With this past January’s Plane and now Kandahar, B-movie mainstay Gerard Butler has officially entered his Sad Dad era, a key scene in this new film being him wandering around the gift shop of the Dubai airport helplessly sorting through anonymous items to greet his teen daughter with. But being plopped in the middle of a political thriller instead of strict shoot ‘em up doesn’t necessarily leave as many opportunities for the star-as-auteur to shine.
There’s certainly some unintentional comedy in the film’s opening of him posing as a telecommunications man to infiltrate precious Iranian territory. As the excitingly named Tom Harris, Butler plays an agent of American intelligence, despite not hiding his thick Scottish brogue. Here’s the opening story with a very straight face: a control room of white men applauding the destruction of an Iranian nuclear facility, followed by a shot of Butler dwarfed by the ensuing smoke, alluding to a potentially more left-wing take than expected. Despite acknowledging the tension between the West and Middle East as a never-ending nightmarish quagmire, Kandahar doesn’t quite go far enough. Even though Butler’s category of film is, perhaps uncharitably to say, usually targeting a more “red meat” audience, his latest is located in the sweet center and plays both sides. Certainly the sight of a hanged man greeting Tom on his nighttime drive into the “new,” post-pullout Afghanistan is catnip for the Jake Tapper crowd. You can maybe use the excuse “well, I mean c’mon it’s a Gerard Butler action movie,” but the relatively more serious tone (trying to be a “good” movie more than usual for the star) makes it at least a little prone to such criticism.
But we can temporarily forget about our political predilections once the plot gets going. Things soon turn haywire for Tom as he and his fellow C.I.A. operative have their identities leaked by a whistleblower who claims her reveal will “be bigger than Snowden and WikiLeaks combined.” Having just accepted “one last job” in Afghanistan because he can’t resist the money, Tom is suddenly on the run alongside his translator (Navid Negahban) from a number of different assassins who span a number of Middle Eastern countries.

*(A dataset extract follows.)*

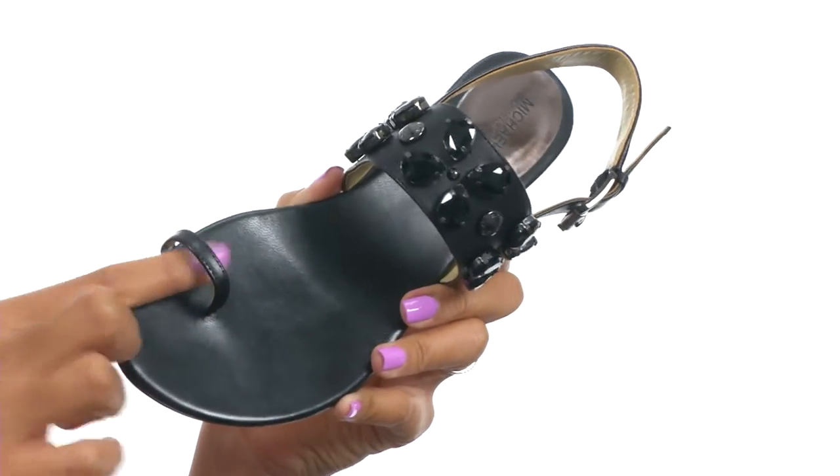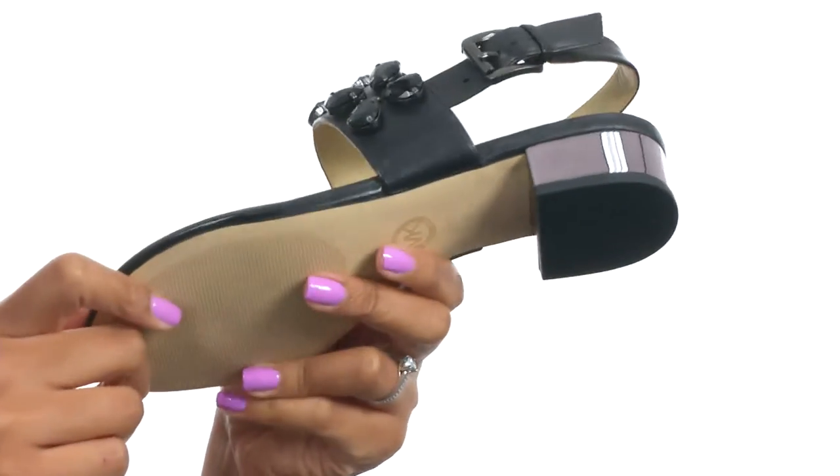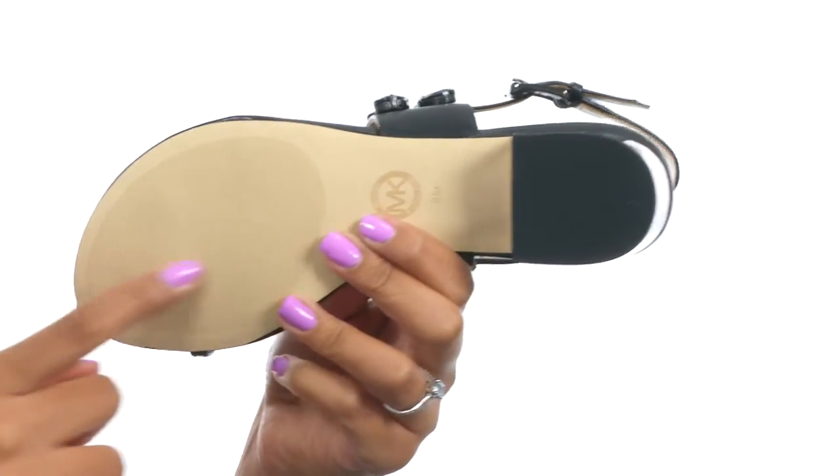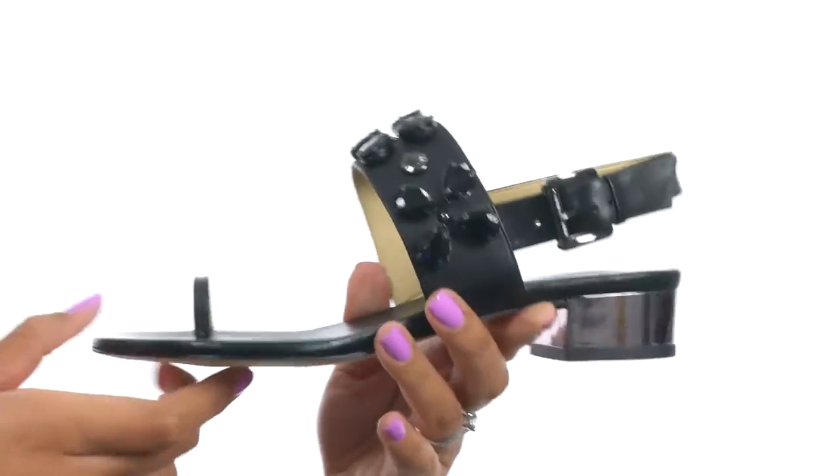You also get a single toe loop for additional style and the bottom provides a metallic covered blocked heel along with a durable rubber outsole. Keep your outfit looking great this season with help from these shoes from Michael Michael Kors.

A bit of an underdeveloped buddy picture plays out between the chases and gunshots: as family men of a different ilk, Tom and the translator find similarities despite their very different backgrounds. Yet a speech (or rather confession) from Tom in the third act about the West’s arrogance and recklessness to his partner comes off as a transparent attempt to add a little plausible deniability to any reactionary leanings falls flat and reeks of condescension.
That said, Kandahar’s a moderately engaging programmer once things do kick into high gear, by which points its murky moral stance won’t nag at the viewer too badly. Butler’s frequent collaborator Ric Roman Waugh has at least churned out a classier picture here than, ahem, Angel Has Fallen. The film is not overly reliant on hand-held grittiness or a dingy color grade and moves along at a steady clip. The two big action sequences––a stylish night-vision goggle shoot-out and a broad-daylight climax full of explosions and flipping trucks––are both thrilling, old-school filmmaking.
Yet the odd sentimentality of Kandahar’s final minutes is a sour note to end on, not to mention a certain change of conscience within the American intelligence control room that’s not particularly believable. That Kandahar’s geopolitical ambiguity isn’t the richest is maybe to be expected, but paired with lame character dynamics, it sadly sells short the potential of Butler’s weary face under duress, something I’ll nonetheless keep returning to.
Kandahar opens in theaters on May 26.